— PROBLEM DESCRIPTION —
Each line below should be written out again without any change.

— Web page caption snippets —
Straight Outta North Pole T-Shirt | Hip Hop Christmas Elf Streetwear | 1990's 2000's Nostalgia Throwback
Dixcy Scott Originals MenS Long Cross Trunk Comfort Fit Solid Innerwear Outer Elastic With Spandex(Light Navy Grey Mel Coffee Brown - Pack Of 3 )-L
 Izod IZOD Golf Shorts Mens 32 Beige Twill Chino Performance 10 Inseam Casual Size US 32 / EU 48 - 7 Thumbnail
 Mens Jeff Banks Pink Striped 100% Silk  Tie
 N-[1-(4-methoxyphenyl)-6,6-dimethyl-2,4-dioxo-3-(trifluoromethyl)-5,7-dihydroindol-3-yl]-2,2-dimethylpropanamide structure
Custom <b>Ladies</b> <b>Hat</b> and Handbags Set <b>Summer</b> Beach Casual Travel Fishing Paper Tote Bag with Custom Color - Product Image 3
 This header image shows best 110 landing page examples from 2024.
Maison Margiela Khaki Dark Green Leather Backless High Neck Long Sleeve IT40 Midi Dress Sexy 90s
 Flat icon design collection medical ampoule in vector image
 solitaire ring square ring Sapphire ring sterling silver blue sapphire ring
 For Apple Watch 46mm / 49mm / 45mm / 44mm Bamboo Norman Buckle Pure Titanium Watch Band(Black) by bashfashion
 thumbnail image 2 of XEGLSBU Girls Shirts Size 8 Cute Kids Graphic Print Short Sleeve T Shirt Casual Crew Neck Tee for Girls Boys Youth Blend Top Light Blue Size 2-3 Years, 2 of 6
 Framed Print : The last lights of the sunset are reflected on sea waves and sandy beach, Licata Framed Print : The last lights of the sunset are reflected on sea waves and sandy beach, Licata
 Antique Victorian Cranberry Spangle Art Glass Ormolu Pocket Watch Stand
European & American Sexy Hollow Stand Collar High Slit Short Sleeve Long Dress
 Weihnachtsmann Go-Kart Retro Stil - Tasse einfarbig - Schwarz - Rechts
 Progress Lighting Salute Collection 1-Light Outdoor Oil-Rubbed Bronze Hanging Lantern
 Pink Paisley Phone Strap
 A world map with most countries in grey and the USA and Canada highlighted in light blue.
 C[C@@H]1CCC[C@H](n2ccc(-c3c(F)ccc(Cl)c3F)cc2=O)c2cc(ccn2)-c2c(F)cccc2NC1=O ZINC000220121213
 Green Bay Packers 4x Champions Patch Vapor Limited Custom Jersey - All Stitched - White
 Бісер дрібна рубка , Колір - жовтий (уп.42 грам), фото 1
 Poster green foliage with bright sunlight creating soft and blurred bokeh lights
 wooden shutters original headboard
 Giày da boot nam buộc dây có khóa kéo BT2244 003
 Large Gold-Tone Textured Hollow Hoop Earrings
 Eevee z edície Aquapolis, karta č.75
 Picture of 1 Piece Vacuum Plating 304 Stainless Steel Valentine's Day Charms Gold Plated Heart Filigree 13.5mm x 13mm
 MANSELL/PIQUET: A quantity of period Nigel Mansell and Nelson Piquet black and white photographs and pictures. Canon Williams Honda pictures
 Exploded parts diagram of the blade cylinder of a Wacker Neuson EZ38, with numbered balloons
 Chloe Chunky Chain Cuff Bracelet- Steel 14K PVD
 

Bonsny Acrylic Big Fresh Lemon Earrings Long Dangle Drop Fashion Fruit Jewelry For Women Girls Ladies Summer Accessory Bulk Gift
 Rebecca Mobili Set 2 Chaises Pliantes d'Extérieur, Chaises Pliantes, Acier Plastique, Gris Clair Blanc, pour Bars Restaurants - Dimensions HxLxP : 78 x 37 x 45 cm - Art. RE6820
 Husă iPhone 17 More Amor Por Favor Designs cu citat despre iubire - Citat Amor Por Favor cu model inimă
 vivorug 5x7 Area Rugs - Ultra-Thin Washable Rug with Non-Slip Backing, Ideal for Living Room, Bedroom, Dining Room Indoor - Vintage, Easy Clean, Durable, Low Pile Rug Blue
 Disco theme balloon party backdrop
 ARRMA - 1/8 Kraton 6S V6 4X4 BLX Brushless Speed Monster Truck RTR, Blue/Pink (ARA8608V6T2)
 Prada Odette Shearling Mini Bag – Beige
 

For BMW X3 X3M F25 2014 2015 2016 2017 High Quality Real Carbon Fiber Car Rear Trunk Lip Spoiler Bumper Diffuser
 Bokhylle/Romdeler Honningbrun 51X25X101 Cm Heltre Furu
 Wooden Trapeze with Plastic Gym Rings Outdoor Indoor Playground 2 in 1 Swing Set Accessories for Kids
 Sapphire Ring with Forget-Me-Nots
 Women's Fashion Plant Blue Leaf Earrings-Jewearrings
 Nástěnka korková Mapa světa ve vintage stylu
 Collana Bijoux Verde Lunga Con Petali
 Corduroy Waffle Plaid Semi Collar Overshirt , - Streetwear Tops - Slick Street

— EXERCISE RESPONSE —
Straight Outta North Pole T-Shirt | Hip Hop Christmas Elf Streetwear | 1990's 2000's Nostalgia Throwback
Dixcy Scott Originals MenS Long Cross Trunk Comfort Fit Solid Innerwear Outer Elastic With Spandex(Light Navy Grey Mel Coffee Brown - Pack Of 3 )-L
 Izod IZOD Golf Shorts Mens 32 Beige Twill Chino Performance 10 Inseam Casual Size US 32 / EU 48 - 7 Thumbnail
 Mens Jeff Banks Pink Striped 100% Silk  Tie
 N-[1-(4-methoxyphenyl)-6,6-dimethyl-2,4-dioxo-3-(trifluoromethyl)-5,7-dihydroindol-3-yl]-2,2-dimethylpropanamide structure
Custom <b>Ladies</b> <b>Hat</b> and Handbags Set <b>Summer</b> Beach Casual Travel Fishing Paper Tote Bag with Custom Color - Product Image 3
 This header image shows best 110 landing page examples from 2024.
Maison Margiela Khaki Dark Green Leather Backless High Neck Long Sleeve IT40 Midi Dress Sexy 90s
 Flat icon design collection medical ampoule in vector image
 solitaire ring square ring Sapphire ring sterling silver blue sapphire ring
 For Apple Watch 46mm / 49mm / 45mm / 44mm Bamboo Norman Buckle Pure Titanium Watch Band(Black) by bashfashion
 thumbnail image 2 of XEGLSBU Girls Shirts Size 8 Cute Kids Graphic Print Short Sleeve T Shirt Casual Crew Neck Tee for Girls Boys Youth Blend Top Light Blue Size 2-3 Years, 2 of 6
 Framed Print : The last lights of the sunset are reflected on sea waves and sandy beach, Licata Framed Print : The last lights of the sunset are reflected on sea waves and sandy beach, Licata
 Antique Victorian Cranberry Spangle Art Glass Ormolu Pocket Watch Stand
European & American Sexy Hollow Stand Collar High Slit Short Sleeve Long Dress
 Weihnachtsmann Go-Kart Retro Stil - Tasse einfarbig - Schwarz - Rechts
 Progress Lighting Salute Collection 1-Light Outdoor Oil-Rubbed Bronze Hanging Lantern
 Pink Paisley Phone Strap
 A world map with most countries in grey and the USA and Canada highlighted in light blue.
 C[C@@H]1CCC[C@H](n2ccc(-c3c(F)ccc(Cl)c3F)cc2=O)c2cc(ccn2)-c2c(F)cccc2NC1=O ZINC000220121213
 Green Bay Packers 4x Champions Patch Vapor Limited Custom Jersey - All Stitched - White
 Бісер дрібна рубка , Колір - жовтий (уп.42 грам), фото 1
 Poster green foliage with bright sunlight creating soft and blurred bokeh lights
 wooden shutters original headboard
 Giày da boot nam buộc dây có khóa kéo BT2244 003
 Large Gold-Tone Textured Hollow Hoop Earrings
 Eevee z edície Aquapolis, karta č.75
 Picture of 1 Piece Vacuum Plating 304 Stainless Steel Valentine's Day Charms Gold Plated Heart Filigree 13.5mm x 13mm
 MANSELL/PIQUET: A quantity of period Nigel Mansell and Nelson Piquet black and white photographs and pictures. Canon Williams Honda pictures
 Exploded parts diagram of the blade cylinder of a Wacker Neuson EZ38, with numbered balloons
 Chloe Chunky Chain Cuff Bracelet- Steel 14K PVD
 

Bonsny Acrylic Big Fresh Lemon Earrings Long Dangle Drop Fashion Fruit Jewelry For Women Girls Ladies Summer Accessory Bulk Gift
 Rebecca Mobili Set 2 Chaises Pliantes d'Extérieur, Chaises Pliantes, Acier Plastique, Gris Clair Blanc, pour Bars Restaurants - Dimensions HxLxP : 78 x 37 x 45 cm - Art. RE6820
 Husă iPhone 17 More Amor Por Favor Designs cu citat despre iubire - Citat Amor Por Favor cu model inimă
 vivorug 5x7 Area Rugs - Ultra-Thin Washable Rug with Non-Slip Backing, Ideal for Living Room, Bedroom, Dining Room Indoor - Vintage, Easy Clean, Durable, Low Pile Rug Blue
 Disco theme balloon party backdrop
 ARRMA - 1/8 Kraton 6S V6 4X4 BLX Brushless Speed Monster Truck RTR, Blue/Pink (ARA8608V6T2)
 Prada Odette Shearling Mini Bag – Beige
 

For BMW X3 X3M F25 2014 2015 2016 2017 High Quality Real Carbon Fiber Car Rear Trunk Lip Spoiler Bumper Diffuser
 Bokhylle/Romdeler Honningbrun 51X25X101 Cm Heltre Furu
 Wooden Trapeze with Plastic Gym Rings Outdoor Indoor Playground 2 in 1 Swing Set Accessories for Kids
 Sapphire Ring with Forget-Me-Nots
 Women's Fashion Plant Blue Leaf Earrings-Jewearrings
 Nástěnka korková Mapa světa ve vintage stylu
 Collana Bijoux Verde Lunga Con Petali
 Corduroy Waffle Plaid Semi Collar Overshirt , - Streetwear Tops - Slick Street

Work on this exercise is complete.